> **Data**

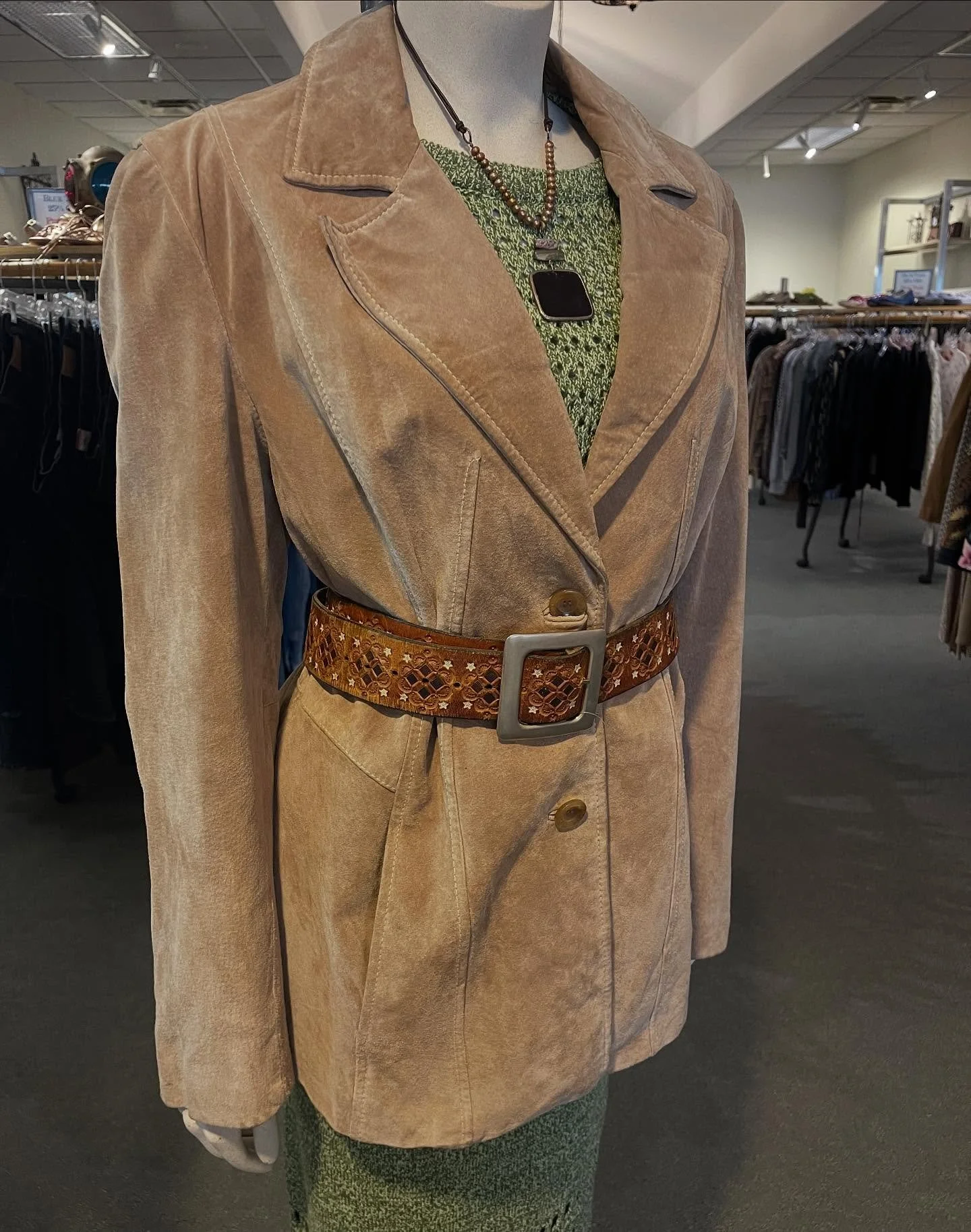 It may be 80 today, but suede is on our minds! Come shop hundreds of new fall items&mdash;including vintage suede and leather! 

We&rsquo;re here 12-5 today! 

#consignment #vintage #fashionbuffalony #consignmentshop #vintagefashion #thriftbuffalo #t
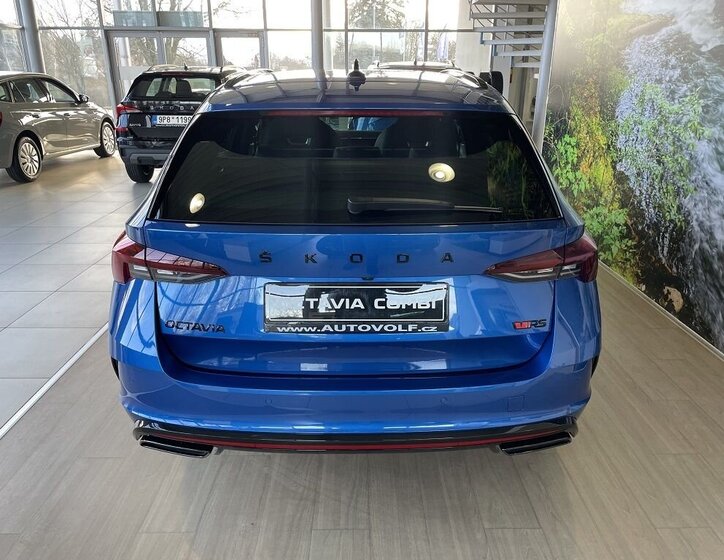 Škoda Octavia Kombi 2,0 l 180 kw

> **Assignment**
Please write every line above out exactly as given, except for any pictures.

> **Problem solution**
 It may be 80 today, but suede is on our minds! Come shop hundreds of new fall items&mdash;including vintage suede and leather! 

We&rsquo;re here 12-5 today! 

#consignment #vintage #fashionbuffalony #consignmentshop #vintagefashion #thriftbuffalo #t
 Škoda Octavia Kombi 2,0 l 180 kw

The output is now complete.